Anyone complaining about the melee please go play Witchaven for a bit and then get back to me if you still think the melee is bad in this.
The complaints are about the lack of clarity in the impact point. When does the hit land, or more importantly: when will the hit land? It doesn't matter that it IS hitting and doing damage, the important thing is the feeling that it is doing so and doing so reliably and controllably. The issue is the comma between "let go" and "whack". Is that a 0.1 second comma? Is that a 0.3 second comma? Does that comma vary based on how long M1 was held? Does the comma differ when swinging left versus swinging right? Is there a reliable timing between letting go of M1 and the impact point? If there is, why hasn't it been quickly intuited?

The melee is functional on a level of "I let go of the mouse and then in short order there will be a damage zone in front of me for some window of time which will cause damage to entities within it once." Like you're casting a small short duration AoE that does a only a single tick of damage. Damage is applied, enemies die. It works. It works, but it does not feel right at all, therefore it is jank.

I loaded up the enhanced edition to check, and it has better melee than the remake by far. You click, there is a little 3 frame animation for the pipe swing, and within the first two enemies you have full certainty as to exactly nature of the whole system: The instant damage point(Literally, as soon as you click the damage goes off), the reliable reload time, and the feedback from a hit is incredibly solid. There is no doubt, there are no questions. By the third time you've swung the pipe the only questions left is how much the next type of cyborg you find is going to flinch from being whacked in the face with a pipe.

I get that they needed to redesign the system for numerous reasons. However, the result is jank because what they did come up with simply doesn't communicate the impact point reliably, and having varied timing hold and charge stuff in your melee system is not an excuse for that. Take a look at System Shock 2's Melee: It had holding and charging of melee attacks for either quick swings or full charged bashes and yet it still did a wonderful job of communicating exactly when the swing made contact with an enemy. There was a palpable thud of impact, and if you actually understood how to build your character a dead enemy in short order as well. Yeah... seriously mate, maybe revise your skill/attribute builds if you think SS2's melee sucks. It is on par with Deus Ex when you do it right, just a notch less spammy and more impactful.
 
Shock 2 remains my favorite game of all time. Bioshock got real close, so does Prey, but they don't quite get there. And yes, a melee playthrough is viable on it, I've done it. If you aren't specced for melee, it is extremely weak and you should just keep a melee weapon around to whack on windows, cameras, eggs, and the occasional worm to save ammo, but a melee build handles well. Sleepingbull here has the right of it, there's a nebulous quality to when you click the button versus when you see the swing versus when something actually is hit in the Shock remake. Which is not the end of the world, most people will probably switch to ranged weapons ASAP in any event at least until they get the laser rapier, but I'd still like to see it be tweaked.
 
Glad to see people singing its praises, this is one of the two games I planned to get this year. Played Enhanced Edition last year to prep myself, pretty hyped.
 
The complaints are about the lack of clarity in the impact point. When does the hit land, or more importantly: when will the hit land? It doesn't matter that it IS hitting and doing damage, the important thing is the feeling that it is doing so and doing so reliably and controllably. The issue is the comma between "let go" and "whack". Is that a 0.1 second comma? Is that a 0.3 second comma? Does that comma vary based on how long M1 was held? Does the comma differ when swinging left versus swinging right? Is there a reliable timing between letting go of M1 and the impact point? If there is, why hasn't it been quickly intuited?
I don't see it. It's pretty clear when and where it hits. When you hit the mutants you see a good dent in their flesh most of the time and I think a decapitation is pretty obvious that you made a direct hit.
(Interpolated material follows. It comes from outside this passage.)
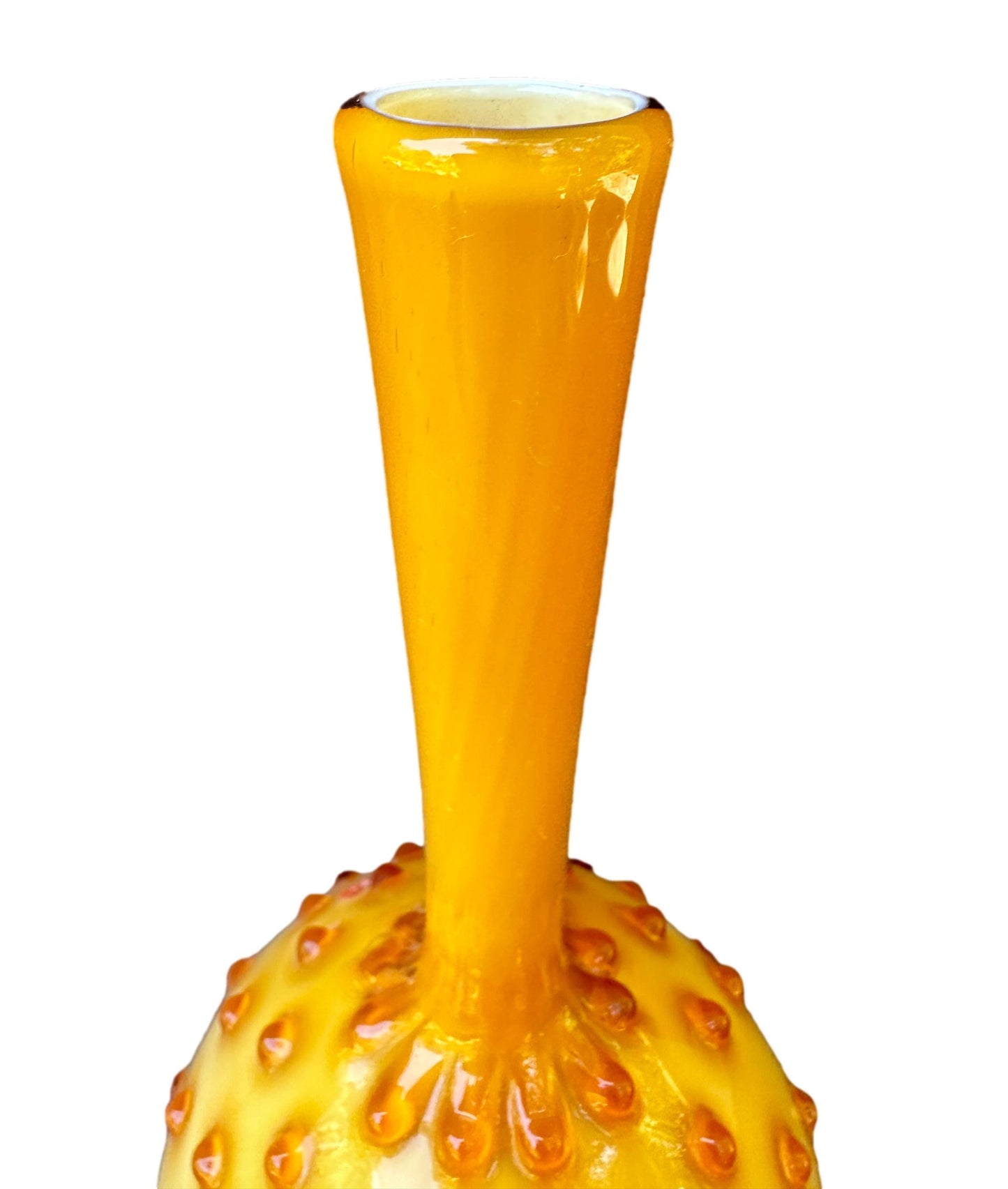 Empoli Italian Amber Cased Glass Seed Pod Bud Vase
I implore you sir, and I'm not trying to be a jerk, please play something like Witchaven and then get back to me if you still believe the melee is bad. I can hook you up with a copy of Witchaven. It's easy as shit to get because it's on GOG. I can show you the best source port to use. And I can tell if you've played it or not because I'm a sick fuck who has completed the game 3 times. Why 3 times? Because I'm a sick fuck.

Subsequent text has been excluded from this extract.